## Extracted data
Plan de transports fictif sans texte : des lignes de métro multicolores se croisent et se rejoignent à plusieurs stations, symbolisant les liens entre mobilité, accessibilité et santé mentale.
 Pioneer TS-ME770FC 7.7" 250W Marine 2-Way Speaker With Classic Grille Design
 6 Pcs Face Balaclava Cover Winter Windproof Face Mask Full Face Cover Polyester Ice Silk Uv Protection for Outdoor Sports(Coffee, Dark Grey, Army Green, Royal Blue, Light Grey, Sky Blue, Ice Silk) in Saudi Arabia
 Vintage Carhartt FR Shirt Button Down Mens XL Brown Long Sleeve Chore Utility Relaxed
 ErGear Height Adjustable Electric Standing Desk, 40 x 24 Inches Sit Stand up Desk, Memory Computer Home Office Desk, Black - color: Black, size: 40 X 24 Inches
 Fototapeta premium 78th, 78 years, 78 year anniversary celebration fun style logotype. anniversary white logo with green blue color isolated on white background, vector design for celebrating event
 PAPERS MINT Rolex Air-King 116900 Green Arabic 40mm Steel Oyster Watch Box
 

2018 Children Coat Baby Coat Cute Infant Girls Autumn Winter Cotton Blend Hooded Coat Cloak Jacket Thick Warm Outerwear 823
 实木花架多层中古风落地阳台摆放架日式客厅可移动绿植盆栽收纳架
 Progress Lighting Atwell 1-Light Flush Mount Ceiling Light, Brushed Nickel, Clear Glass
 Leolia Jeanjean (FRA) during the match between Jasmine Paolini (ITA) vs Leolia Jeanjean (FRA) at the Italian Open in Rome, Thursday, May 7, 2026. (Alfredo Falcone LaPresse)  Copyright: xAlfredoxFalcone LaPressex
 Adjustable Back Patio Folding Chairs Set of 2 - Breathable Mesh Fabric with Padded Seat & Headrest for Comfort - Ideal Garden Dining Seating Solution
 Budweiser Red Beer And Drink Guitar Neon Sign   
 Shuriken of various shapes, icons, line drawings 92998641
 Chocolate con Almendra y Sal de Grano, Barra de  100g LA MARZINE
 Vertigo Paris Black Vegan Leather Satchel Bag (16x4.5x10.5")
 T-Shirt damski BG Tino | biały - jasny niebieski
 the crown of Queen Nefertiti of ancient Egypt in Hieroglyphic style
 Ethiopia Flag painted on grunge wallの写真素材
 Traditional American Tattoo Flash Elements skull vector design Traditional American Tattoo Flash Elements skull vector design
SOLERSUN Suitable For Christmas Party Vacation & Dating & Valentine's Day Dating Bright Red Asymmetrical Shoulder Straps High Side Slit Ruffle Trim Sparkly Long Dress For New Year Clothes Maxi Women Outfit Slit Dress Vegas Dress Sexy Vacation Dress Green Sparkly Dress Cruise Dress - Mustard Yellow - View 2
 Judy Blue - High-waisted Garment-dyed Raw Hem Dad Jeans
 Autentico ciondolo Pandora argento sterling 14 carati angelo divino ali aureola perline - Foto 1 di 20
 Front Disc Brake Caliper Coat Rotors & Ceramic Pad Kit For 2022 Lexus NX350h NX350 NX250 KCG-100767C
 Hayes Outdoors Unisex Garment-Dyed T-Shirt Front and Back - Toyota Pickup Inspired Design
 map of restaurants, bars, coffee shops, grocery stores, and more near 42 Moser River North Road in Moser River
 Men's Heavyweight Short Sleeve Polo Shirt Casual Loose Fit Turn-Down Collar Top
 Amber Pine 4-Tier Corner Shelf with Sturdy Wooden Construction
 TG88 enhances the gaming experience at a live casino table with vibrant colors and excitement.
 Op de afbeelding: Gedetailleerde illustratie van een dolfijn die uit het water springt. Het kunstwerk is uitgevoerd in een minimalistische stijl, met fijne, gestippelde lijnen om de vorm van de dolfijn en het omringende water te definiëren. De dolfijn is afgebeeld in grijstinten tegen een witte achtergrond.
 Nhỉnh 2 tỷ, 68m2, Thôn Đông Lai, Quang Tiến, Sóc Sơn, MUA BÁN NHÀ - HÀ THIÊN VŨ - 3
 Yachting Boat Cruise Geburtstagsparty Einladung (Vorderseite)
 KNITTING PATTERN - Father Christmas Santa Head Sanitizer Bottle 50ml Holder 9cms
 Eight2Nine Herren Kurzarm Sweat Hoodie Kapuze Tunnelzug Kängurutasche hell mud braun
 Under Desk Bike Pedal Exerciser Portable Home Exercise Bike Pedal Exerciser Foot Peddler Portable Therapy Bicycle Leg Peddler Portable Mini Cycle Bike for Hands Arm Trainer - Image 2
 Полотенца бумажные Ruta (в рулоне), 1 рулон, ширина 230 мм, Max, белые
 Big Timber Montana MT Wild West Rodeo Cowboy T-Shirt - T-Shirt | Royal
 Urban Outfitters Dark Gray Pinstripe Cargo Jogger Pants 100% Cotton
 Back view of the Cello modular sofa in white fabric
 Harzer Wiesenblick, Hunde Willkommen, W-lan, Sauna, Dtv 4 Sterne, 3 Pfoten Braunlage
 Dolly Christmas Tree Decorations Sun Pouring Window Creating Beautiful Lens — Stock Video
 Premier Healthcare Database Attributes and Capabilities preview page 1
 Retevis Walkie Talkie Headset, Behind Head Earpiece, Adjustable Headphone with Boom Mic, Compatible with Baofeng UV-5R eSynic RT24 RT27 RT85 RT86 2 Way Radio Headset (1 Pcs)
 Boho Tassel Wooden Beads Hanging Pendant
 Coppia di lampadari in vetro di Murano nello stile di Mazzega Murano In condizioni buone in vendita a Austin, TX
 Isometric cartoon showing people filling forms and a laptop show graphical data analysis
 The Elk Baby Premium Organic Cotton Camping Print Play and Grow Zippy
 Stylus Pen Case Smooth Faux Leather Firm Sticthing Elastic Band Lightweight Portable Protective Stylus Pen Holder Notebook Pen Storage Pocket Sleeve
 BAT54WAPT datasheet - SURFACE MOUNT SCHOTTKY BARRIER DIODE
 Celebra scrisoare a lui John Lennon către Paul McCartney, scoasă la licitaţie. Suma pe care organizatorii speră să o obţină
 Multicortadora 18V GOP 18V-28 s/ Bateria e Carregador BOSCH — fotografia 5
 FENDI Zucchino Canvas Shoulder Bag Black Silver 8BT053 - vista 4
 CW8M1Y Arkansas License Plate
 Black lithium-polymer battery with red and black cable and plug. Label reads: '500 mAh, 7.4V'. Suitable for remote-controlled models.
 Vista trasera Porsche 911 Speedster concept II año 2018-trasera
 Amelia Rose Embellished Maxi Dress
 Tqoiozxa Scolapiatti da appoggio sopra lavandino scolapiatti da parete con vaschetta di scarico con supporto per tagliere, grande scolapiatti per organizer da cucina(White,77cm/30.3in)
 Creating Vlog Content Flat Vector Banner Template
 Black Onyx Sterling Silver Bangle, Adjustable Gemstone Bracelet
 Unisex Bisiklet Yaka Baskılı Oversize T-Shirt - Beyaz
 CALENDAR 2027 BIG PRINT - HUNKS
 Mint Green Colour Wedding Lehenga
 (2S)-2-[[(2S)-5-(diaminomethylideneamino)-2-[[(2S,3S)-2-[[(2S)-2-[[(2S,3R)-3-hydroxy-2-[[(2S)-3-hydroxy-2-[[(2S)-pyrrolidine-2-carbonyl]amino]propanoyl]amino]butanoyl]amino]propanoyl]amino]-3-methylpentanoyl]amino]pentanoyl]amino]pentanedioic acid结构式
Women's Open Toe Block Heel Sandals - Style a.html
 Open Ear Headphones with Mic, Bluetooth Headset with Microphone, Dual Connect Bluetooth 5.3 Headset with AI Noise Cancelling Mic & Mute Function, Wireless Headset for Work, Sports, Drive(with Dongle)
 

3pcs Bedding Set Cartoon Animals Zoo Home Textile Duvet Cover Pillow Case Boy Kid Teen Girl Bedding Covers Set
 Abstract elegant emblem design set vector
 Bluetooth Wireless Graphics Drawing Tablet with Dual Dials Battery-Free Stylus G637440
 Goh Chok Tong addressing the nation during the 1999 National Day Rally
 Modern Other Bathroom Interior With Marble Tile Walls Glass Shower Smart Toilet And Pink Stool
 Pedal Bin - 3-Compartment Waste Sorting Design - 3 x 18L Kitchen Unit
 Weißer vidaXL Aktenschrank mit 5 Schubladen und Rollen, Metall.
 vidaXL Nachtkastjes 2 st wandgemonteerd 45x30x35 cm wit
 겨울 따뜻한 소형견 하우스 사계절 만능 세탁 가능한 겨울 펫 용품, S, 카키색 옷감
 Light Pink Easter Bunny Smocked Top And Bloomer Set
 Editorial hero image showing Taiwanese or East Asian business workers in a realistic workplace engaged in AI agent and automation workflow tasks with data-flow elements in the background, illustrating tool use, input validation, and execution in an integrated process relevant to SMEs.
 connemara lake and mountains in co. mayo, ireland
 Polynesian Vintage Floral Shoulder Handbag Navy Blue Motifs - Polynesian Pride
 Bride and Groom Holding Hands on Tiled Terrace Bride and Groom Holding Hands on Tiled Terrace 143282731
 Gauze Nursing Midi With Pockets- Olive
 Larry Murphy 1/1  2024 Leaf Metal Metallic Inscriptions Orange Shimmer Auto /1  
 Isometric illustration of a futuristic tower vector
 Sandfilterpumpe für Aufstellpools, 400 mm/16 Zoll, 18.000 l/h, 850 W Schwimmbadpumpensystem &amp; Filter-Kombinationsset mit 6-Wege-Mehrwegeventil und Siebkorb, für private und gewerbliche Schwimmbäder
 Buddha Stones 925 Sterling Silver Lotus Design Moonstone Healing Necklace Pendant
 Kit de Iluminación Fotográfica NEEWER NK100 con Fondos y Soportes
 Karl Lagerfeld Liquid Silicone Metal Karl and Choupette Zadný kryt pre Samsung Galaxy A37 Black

## Your instructions
Please return the lines above that run from the line containing "Back view of" to the line containing "Amelia Rose Embellished Maxi Dress", inclusive, exactly and with no other lines.

## Written solution
 Back view of the Cello modular sofa in white fabric
 Harzer Wiesenblick, Hunde Willkommen, W-lan, Sauna, Dtv 4 Sterne, 3 Pfoten Braunlage
 Dolly Christmas Tree Decorations Sun Pouring Window Creating Beautiful Lens — Stock Video
 Premier Healthcare Database Attributes and Capabilities preview page 1
 Retevis Walkie Talkie Headset, Behind Head Earpiece, Adjustable Headphone with Boom Mic, Compatible with Baofeng UV-5R eSynic RT24 RT27 RT85 RT86 2 Way Radio Headset (1 Pcs)
 Boho Tassel Wooden Beads Hanging Pendant
 Coppia di lampadari in vetro di Murano nello stile di Mazzega Murano In condizioni buone in vendita a Austin, TX
 Isometric cartoon showing people filling forms and a laptop show graphical data analysis
 The Elk Baby Premium Organic Cotton Camping Print Play and Grow Zippy
 Stylus Pen Case Smooth Faux Leather Firm Sticthing Elastic Band Lightweight Portable Protective Stylus Pen Holder Notebook Pen Storage Pocket Sleeve
 BAT54WAPT datasheet - SURFACE MOUNT SCHOTTKY BARRIER DIODE
 Celebra scrisoare a lui John Lennon către Paul McCartney, scoasă la licitaţie. Suma pe care organizatorii speră să o obţină
 Multicortadora 18V GOP 18V-28 s/ Bateria e Carregador BOSCH — fotografia 5
 FENDI Zucchino Canvas Shoulder Bag Black Silver 8BT053 - vista 4
 CW8M1Y Arkansas License Plate
 Black lithium-polymer battery with red and black cable and plug. Label reads: '500 mAh, 7.4V'. Suitable for remote-controlled models.
 Vista trasera Porsche 911 Speedster concept II año 2018-trasera
 Amelia Rose Embellished Maxi Dress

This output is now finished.